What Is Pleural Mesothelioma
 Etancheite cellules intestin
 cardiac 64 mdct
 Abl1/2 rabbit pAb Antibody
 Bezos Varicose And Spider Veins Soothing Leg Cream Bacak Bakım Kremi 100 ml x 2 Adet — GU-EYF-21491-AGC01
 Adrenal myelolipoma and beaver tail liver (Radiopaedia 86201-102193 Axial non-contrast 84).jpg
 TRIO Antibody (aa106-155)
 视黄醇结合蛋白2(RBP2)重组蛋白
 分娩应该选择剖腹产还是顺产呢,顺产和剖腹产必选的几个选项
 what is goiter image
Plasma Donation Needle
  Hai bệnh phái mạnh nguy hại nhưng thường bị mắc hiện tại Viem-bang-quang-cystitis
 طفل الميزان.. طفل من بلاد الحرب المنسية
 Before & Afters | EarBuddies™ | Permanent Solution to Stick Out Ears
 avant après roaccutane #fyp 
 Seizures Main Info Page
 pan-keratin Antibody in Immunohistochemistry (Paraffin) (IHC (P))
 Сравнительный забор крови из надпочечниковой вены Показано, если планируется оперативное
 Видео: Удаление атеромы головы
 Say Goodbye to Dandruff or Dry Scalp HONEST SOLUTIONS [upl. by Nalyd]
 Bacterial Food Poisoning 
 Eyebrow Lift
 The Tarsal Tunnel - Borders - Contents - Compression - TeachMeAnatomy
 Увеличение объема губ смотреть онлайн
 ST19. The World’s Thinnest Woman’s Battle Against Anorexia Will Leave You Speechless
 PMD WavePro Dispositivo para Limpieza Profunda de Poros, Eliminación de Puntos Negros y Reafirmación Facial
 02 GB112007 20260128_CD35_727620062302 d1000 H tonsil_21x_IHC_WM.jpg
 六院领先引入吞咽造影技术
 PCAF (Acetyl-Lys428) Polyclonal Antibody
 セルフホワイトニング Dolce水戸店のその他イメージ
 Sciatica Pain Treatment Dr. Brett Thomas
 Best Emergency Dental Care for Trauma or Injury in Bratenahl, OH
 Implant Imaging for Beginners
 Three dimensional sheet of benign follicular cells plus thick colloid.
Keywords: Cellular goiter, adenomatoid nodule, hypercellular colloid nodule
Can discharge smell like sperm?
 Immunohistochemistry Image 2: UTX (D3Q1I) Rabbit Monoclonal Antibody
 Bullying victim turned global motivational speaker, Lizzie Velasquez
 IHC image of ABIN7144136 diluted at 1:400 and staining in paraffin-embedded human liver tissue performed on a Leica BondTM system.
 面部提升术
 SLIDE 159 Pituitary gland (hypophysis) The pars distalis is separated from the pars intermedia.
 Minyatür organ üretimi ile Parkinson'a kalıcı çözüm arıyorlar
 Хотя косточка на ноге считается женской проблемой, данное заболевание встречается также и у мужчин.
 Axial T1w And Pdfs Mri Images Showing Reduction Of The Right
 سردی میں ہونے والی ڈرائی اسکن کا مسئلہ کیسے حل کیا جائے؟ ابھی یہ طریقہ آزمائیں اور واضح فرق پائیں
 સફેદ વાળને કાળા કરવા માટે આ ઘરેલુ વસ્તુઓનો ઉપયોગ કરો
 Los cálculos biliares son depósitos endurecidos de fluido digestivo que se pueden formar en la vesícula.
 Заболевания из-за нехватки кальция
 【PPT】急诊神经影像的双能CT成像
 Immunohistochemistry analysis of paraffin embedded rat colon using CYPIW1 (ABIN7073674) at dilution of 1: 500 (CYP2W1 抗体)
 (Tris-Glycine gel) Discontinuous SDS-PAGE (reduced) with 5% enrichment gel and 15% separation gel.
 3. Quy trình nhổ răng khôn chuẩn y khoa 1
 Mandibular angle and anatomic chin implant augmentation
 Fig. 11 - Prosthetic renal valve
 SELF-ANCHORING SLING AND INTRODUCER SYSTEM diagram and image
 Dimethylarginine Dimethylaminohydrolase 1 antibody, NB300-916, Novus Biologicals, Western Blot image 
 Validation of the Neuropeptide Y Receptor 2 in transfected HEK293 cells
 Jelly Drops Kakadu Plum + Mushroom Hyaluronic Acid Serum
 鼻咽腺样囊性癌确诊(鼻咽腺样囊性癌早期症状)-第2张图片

■ What to produce
Using the records above, work out how many lines hold the string "Immunohistochemistry"; answer with that number alone.

■ Result
3